Dataset records
※
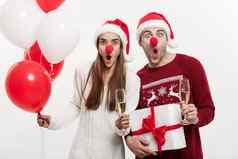 圣诞节概念年轻的高加索人夫妇持有礼物香槟气球使有趣的脸圣诞节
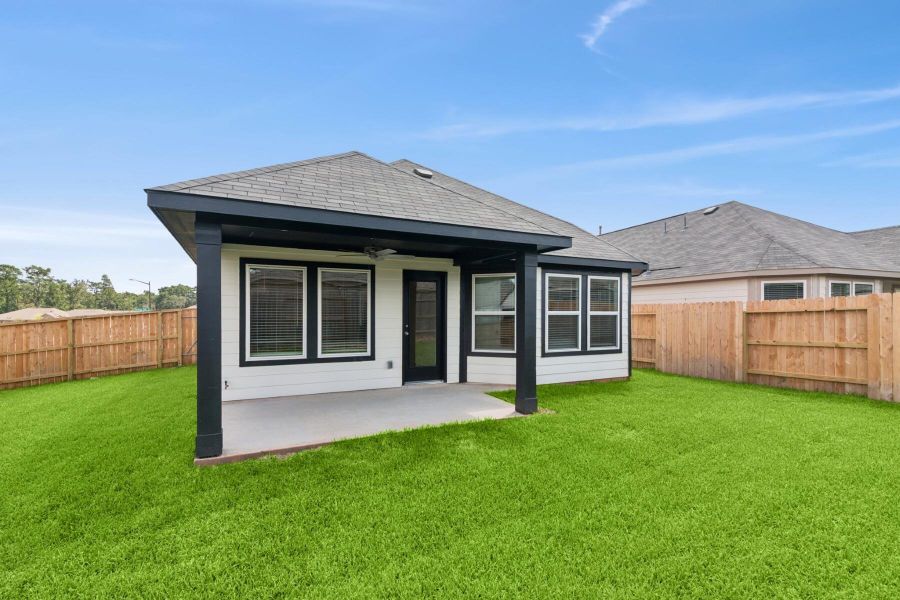 Front exterior of a new home in Moran Ranch, Willis, TX, highlighting curb appeal (Image 7). Front exterior of a new home in Moran Ranch, Willis, TX, highlighting curb appeal (Image 7).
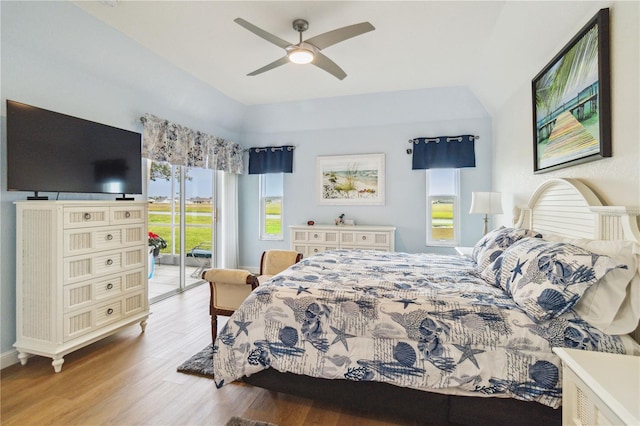 bedroom featuring access to exterior, ceiling fan, and light hardwood / wood-style flooring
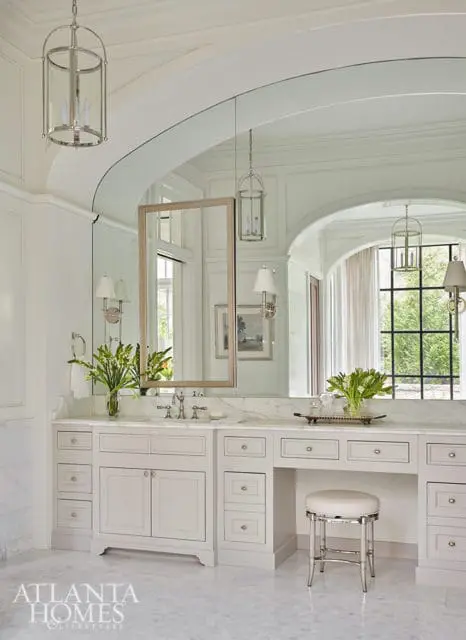 White bathroom with marble countertops, light gray cabinetry, and a vanity stool.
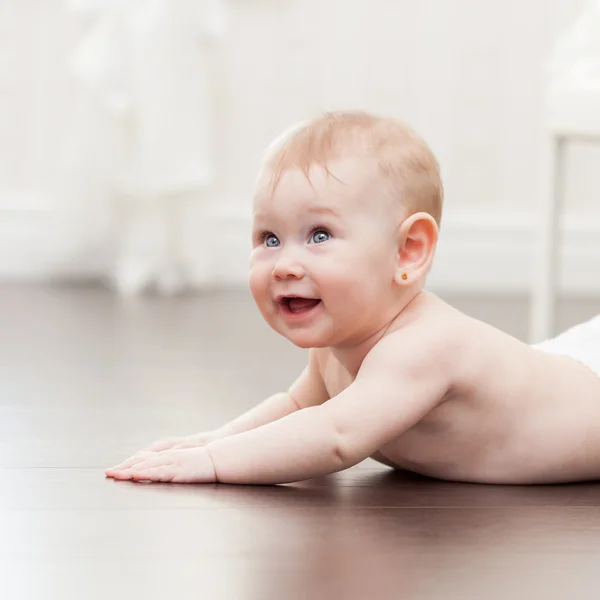 快乐七个月大女婴在硬木地板上爬 — 图库照片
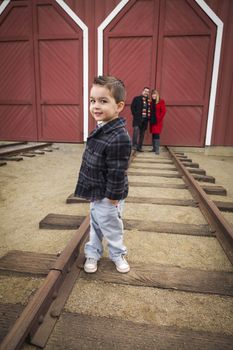 Young Adorable Mixed Race Boy at Train Depot with Parents Smiling Behind.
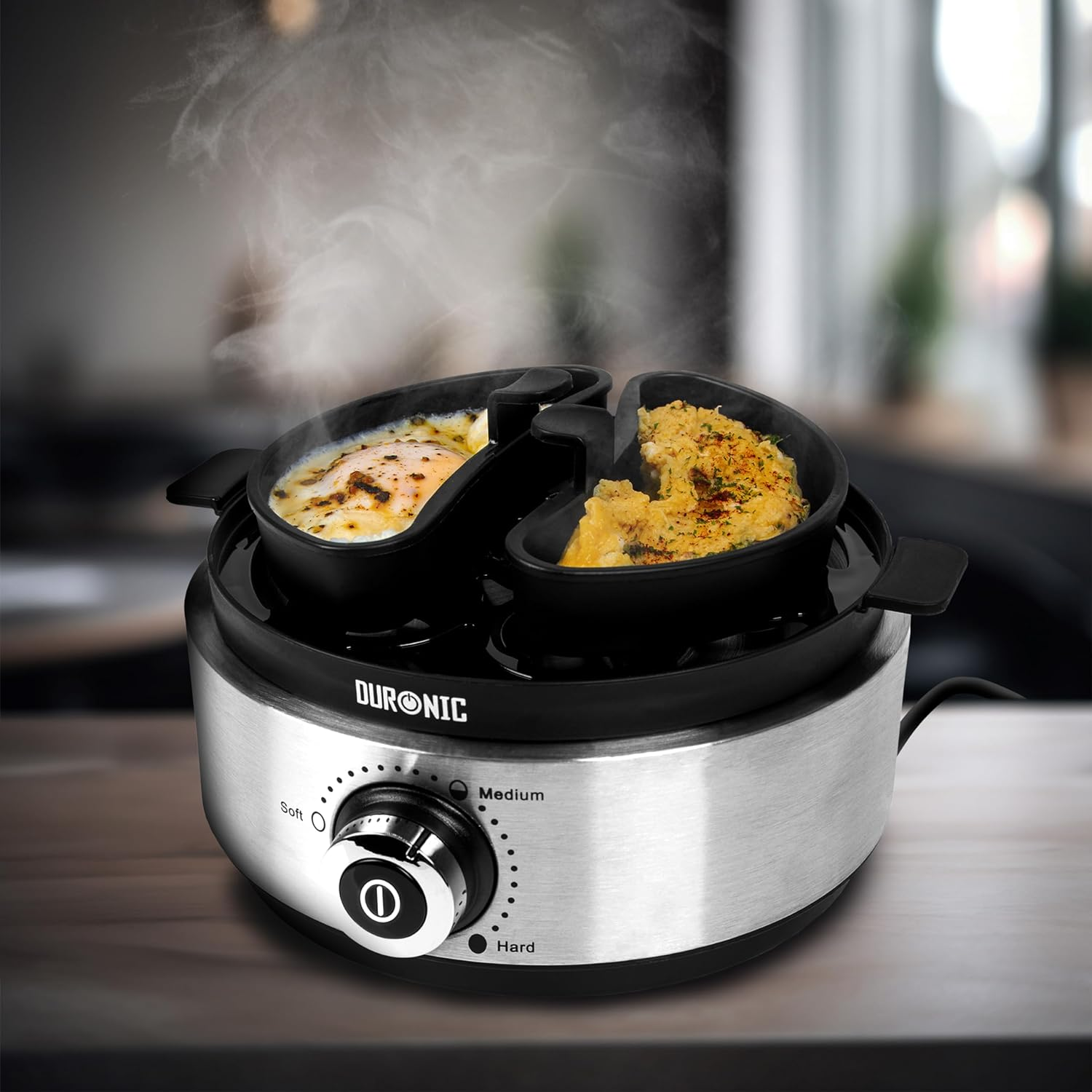 Cocedor de huevos con dos compartimentos, cada uno con un huevo. Vapor subiendo y un mando.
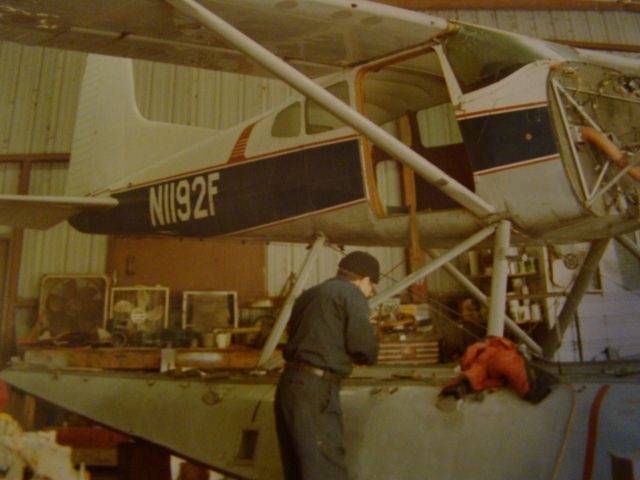 Cessna Skywagon (N1192F) - Mr. Jose Delgado working on 185 amphib at Westwego Airport.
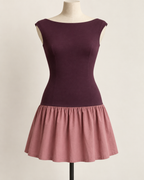AI preview: plum knit boat-neck bodice joined at the low hip to a gathered dusty-rose woven mini skirt.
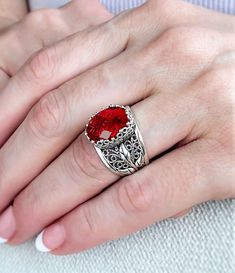 "The sterling silver filigree cocktail ring is a large size and features a lab created ruby gemstone set in an oxidized sterling silver filigree design. The ring has a wonderful filigree pattern that goes all the way around the face of the ring. We used the finest workmanship to create this beautiful cocktail ring which makes it unique and fun to wear. This beautifully crafted blue stone sterling silver cocktail ring will make you feel special when you wear it because it looks so classy and eleg Ruby Filigree Ring With Gemstone For Gift, Ruby Ring With Filigree For Gift, Ruby Ring With Filigree Detail As Gift, Ruby Ring With Filigree As Gift, Luxury Ruby Ring With Intricate Design For Gift, Luxury Ruby Ring With Intricate Design As Gift, Silver Ruby Filigree Ring, Ruby Filigree Ring For Gift, Ruby Filigree Ring With Intricate Design As Gift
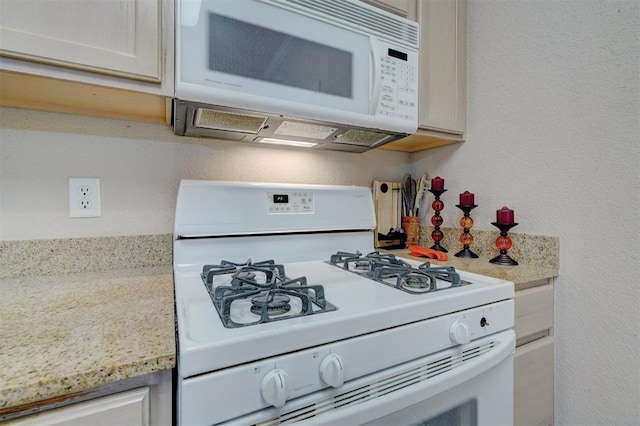 4408 32nd Pl, Oklahoma City, OK 73112 - kitchen featuring light countertops, white appliances, and a textured wall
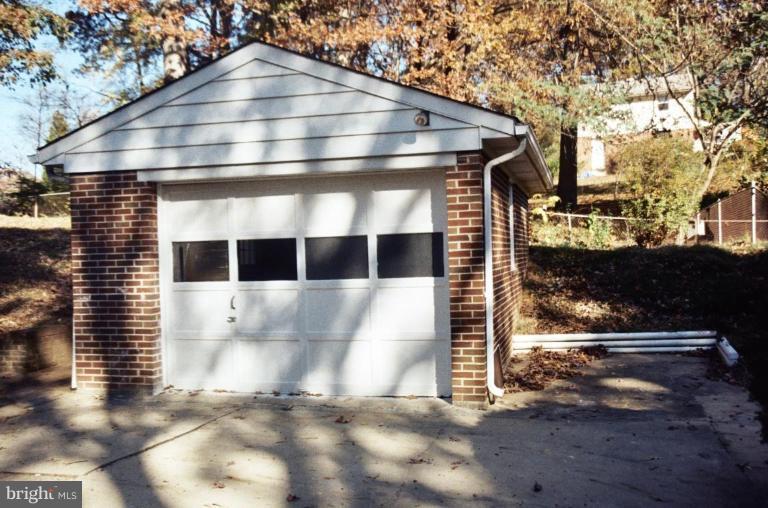7426 Flora Street Springfield, VA 22150 - Photo 14 of 16 a front view of a house with a yard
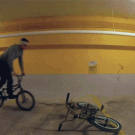 Tim Knoll exchanging bikes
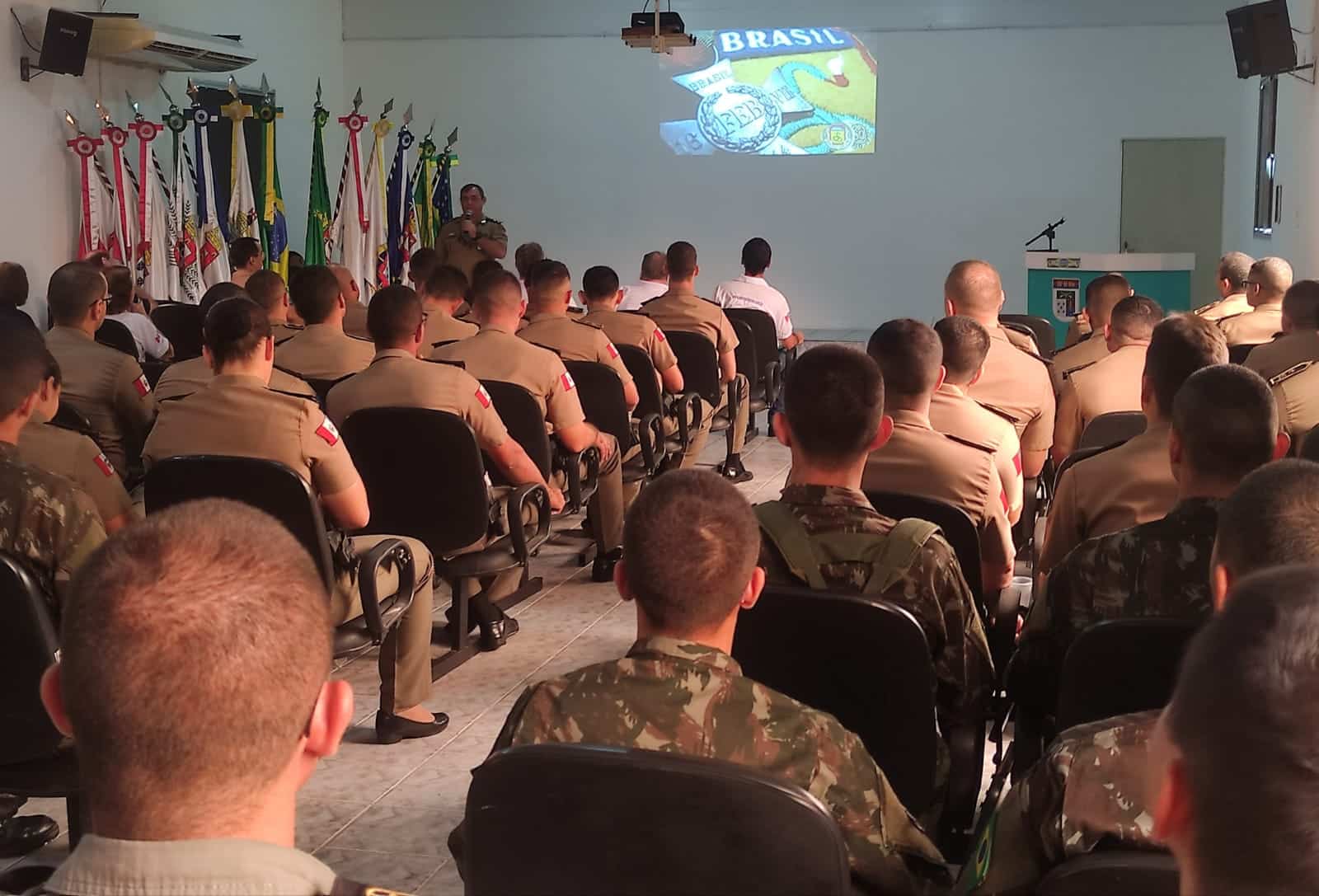 Militares assistem apresentação em sala de conferências.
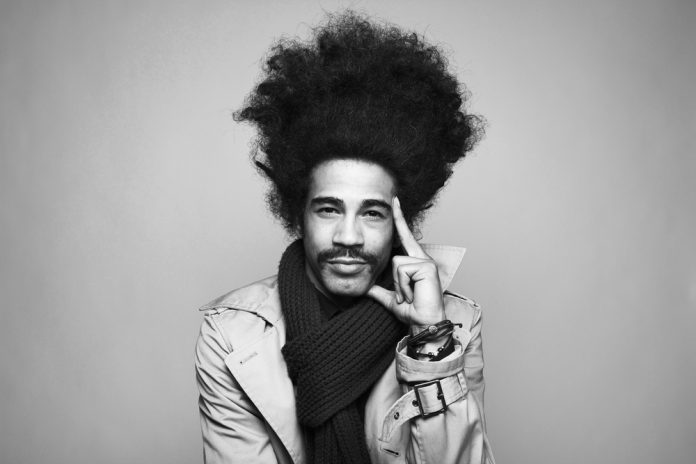 Portrait of a young man with an afro BW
※
(What you have to do): Skipping every picture, transcribe exactly the lines above from the one containing "Cessna Skywagon (N1192F)" through the one containing "Filigree Ring With Intricate Design As Gift", both included.

(Reply):
 Cessna Skywagon (N1192F) - Mr. Jose Delgado working on 185 amphib at Westwego Airport.
AI preview: plum knit boat-neck bodice joined at the low hip to a gathered dusty-rose woven mini skirt.
 "The sterling silver filigree cocktail ring is a large size and features a lab created ruby gemstone set in an oxidized sterling silver filigree design. The ring has a wonderful filigree pattern that goes all the way around the face of the ring. We used the finest workmanship to create this beautiful cocktail ring which makes it unique and fun to wear. This beautifully crafted blue stone sterling silver cocktail ring will make you feel special when you wear it because it looks so classy and eleg Ruby Filigree Ring With Gemstone For Gift, Ruby Ring With Filigree For Gift, Ruby Ring With Filigree Detail As Gift, Ruby Ring With Filigree As Gift, Luxury Ruby Ring With Intricate Design For Gift, Luxury Ruby Ring With Intricate Design As Gift, Silver Ruby Filigree Ring, Ruby Filigree Ring For Gift, Ruby Filigree Ring With Intricate Design As Gift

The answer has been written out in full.